I've run this on R3.6.3 and both ggtree versions 2.0.4 (from Bioconductor) and 2.3.0 (from Github).
I also usually get the following message, which I wouldn't be surprised it would be related, but it doesn't matter if I remove zeroes from my table, the rows removed barely change:
Warning messages:
1: Removed 53 rows containing missing values (position_stack).
2: Removed 82 rows containing missing values (geom_barh).
I've also tried to ordered the data on my table based on the order from p$data$label or the order of the leaves from the hclust output, but all the same.
Can anyone reproduce this? Is there anything obvious I'm missing?
Thank you in advance, Xabi
Since you used xlim. The range of x is 0 ~ 0.38 in your example, the x of geom_barh will be removed. To solve the problem, you should not use xlim. And you can use geom_blank to show the tiplabels.
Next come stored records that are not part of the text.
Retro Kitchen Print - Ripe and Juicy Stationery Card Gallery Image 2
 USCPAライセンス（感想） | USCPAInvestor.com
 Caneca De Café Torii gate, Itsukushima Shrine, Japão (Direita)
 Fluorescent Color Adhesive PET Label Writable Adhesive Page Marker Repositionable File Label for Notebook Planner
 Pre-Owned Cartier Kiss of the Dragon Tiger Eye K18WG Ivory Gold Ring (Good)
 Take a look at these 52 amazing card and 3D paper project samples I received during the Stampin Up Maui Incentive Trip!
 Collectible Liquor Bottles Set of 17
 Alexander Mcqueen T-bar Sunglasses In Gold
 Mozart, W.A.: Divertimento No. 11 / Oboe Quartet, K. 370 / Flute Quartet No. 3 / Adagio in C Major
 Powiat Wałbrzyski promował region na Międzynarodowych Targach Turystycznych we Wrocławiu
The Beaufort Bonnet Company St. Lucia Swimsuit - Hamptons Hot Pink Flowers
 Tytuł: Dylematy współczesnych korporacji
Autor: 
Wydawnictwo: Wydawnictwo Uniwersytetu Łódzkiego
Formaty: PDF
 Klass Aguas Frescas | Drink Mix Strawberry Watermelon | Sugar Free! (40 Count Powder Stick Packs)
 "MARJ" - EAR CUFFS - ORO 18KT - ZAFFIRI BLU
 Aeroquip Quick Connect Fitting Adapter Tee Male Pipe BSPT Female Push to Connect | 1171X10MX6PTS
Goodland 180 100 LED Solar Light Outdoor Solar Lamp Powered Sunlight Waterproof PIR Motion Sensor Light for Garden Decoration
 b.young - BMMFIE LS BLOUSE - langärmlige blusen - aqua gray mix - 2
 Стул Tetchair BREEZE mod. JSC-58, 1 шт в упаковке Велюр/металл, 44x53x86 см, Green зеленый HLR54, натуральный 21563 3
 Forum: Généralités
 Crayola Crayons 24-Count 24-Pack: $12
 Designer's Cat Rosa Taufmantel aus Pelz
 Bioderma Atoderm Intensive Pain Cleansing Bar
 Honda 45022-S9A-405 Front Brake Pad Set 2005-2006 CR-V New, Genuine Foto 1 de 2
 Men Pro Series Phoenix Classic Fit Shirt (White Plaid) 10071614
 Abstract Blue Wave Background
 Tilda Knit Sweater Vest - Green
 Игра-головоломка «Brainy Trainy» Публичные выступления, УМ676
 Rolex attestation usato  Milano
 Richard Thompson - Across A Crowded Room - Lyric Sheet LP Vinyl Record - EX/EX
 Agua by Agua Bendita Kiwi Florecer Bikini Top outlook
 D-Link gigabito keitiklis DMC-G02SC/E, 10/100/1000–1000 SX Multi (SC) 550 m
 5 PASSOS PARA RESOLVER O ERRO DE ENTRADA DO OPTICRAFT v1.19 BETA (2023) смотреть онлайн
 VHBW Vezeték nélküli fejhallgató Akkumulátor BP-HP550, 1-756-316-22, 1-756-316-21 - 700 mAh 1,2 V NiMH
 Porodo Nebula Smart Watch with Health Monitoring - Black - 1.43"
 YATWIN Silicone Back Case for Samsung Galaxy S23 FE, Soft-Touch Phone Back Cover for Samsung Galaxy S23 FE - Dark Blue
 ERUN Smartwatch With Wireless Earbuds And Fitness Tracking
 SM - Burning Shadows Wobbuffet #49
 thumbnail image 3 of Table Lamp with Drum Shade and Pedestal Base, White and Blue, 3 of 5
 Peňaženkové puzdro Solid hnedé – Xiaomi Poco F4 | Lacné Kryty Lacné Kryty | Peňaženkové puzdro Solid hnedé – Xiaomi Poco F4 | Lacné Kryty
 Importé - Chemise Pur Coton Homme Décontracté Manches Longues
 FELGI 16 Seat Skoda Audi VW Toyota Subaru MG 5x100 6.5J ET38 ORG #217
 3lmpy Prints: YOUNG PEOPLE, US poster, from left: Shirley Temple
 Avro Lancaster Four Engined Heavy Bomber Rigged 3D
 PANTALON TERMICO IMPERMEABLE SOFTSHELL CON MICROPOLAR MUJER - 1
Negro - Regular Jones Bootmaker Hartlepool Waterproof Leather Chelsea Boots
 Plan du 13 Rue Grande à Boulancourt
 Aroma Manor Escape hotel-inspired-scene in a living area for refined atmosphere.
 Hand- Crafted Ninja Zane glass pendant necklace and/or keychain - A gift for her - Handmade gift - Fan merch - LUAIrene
PS: you can use geom_bar of ggplot2 (new version) instead of geom_barh of ggstance by adding orientation="y".
library(ggtree)
library(tidyverse)
dist <- read.csv("dist.csv", header = TRUE, row.names = 1)
dist1 <- as.dist(dist)
hc <- hclust(dist1)
den <- as.dendrogram(hc)
######## geom_blank##############
p <- ggtree(den) + geom_blank(aes(x=0.42))
# load table with data for bar chart
mytable <- read.csv("mytable.csv", header = T, row.names = 1)
#put together
facet_plot(p, data = mytable, geom = geom_bar, panel = "Phylum", colour = "black",
mapping = aes(fill = as.factor(Phylum),x=Abundance), stat = "identity", orientation="y") +
geom_tiplab(size = 2)